Recherche-Comic „Kriegszeiten“: Die Bilder, die fehlen

Geht voll ins Detail, aber mit grobem Raster: Der Recherche-Comic „Kriegszeiten“ ist eine grafische Reportage über die Bundeswehr in Afghanistan.

Der Afghanistan-Krieg im Comic: Cover von „Kriegszeiten“. Bild: Carlsen

„Es gibt da die alte Geschichte, dass du einen Afghanen nie kaufen kannst. Du kannst ihn nur mieten.“ Das ist einer der Sätze, die hängen bleiben aus dem Pionierwerk „Kriegszeiten“. Eine Comic-Reportage über den Krieg in Afghanistan. Das Wort „Comic“ hatte selten weniger mit komisch zu tun. „Kriegszeiten“ ist eine Reportage mit anderen Mitteln. Ein äußerst gelungener Weg, eine jahrelange Recherche zugänglich zu machen. Das Thema wäre auch als Buch möglich gewesen, als Aufmacher einer Zeitung vielleicht beachtet worden. Aber erst als gezeichnete Reportage entfaltet diese Arbeit ihre ganze Kraft.

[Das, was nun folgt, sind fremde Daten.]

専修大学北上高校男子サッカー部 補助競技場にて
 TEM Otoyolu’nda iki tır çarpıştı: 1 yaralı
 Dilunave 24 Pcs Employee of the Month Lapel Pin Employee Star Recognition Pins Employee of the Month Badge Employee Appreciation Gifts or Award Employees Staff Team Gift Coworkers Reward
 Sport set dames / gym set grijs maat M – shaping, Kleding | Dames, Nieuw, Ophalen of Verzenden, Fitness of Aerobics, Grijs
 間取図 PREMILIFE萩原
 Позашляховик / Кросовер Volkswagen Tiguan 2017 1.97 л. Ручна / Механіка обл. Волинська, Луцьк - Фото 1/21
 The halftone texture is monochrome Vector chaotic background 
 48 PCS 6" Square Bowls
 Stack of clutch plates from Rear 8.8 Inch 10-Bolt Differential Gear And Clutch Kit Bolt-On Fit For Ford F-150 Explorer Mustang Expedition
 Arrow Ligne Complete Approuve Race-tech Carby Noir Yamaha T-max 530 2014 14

Recherchiert hat das Ding David Schraven, einer der jungen Haudegen der deutschen Journalistenszene. Er leitet im Hauptberuf die Rechercheabteilung der Westdeutschen Allgemeinen Zeitung, er war Mitgründer des Blogs Ruhrbarone, schrieb bei der taz und bei der Welt. Es gibt inzwischen andere deutschsprachige Comic-Reportagen, etwa das halb gemalte, halb gezeichnete „Im Land der Frühaufsteher“ von Paula Bulling im Avant-Verlag. Sie beschreibt das Leben von Asylbewerbern in Sachsen-Anhalt und den Leuten, die ihnen helfen wollen.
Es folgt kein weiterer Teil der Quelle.